Mixed-Dimensional In-Plane Heterostructures from 1D Mo₆Te₆ and 2D MoTe₂ Synthesized by Te-Flux-Controlled Chemical Vapor Deposition

Mixed-dimensional van der Waals heterostructures are scientifically important and practically useful because of their interesting exotic properties resulting from their novel hybrid structures. This study reports the composition- and phase-selective fabrication of low-dimensional molybdenum/tellurium (Mo/Te) compounds and the direct synthesis of mixed-dimensional in-plane 1D-2D Mo6Te6-MoTe2 heterostructures.

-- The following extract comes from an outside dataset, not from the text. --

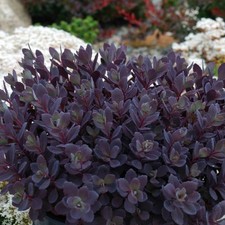 Sedum plum dazzled plant plugs succulent garden patio rockery border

The composition and phase of the Mo/Te compounds are controlled by changing the Te atomic flux that is adjusted by the Te temperature. Metallic 1D Mo6Te6 wires with an intrinsic 1D structure with a diameter of 3-8 nm and length of 100-300 nm are synthesized to form wire networks under low Te flux conditions, whereas the semiconducting few-layer 2H MoTe2 films preferentially oriented along the < 0001 > direction are obtained under high Te flux. Under medium Te flux, the mixed-dimensional in-plane 1D-2D Mo6Te6-MoTe2 heterostructures are synthesized in which the semiconducting few-layer 2H MoTe2 circular domains are edge-contacted by the metallic 1D Mo6Te6 wire networks. Furthermore, the present Te-flux-controlled method reveals that the 1D Mo6Te6 networks change to few-layer MoTe2 films as the Te flux increases. The in-plane 1D-2D Mo6Te6-MoTe2 heterostructures synthesized by this method can be considered as advanced edge-contacted 2D semiconductors for high-performance 2D electronics.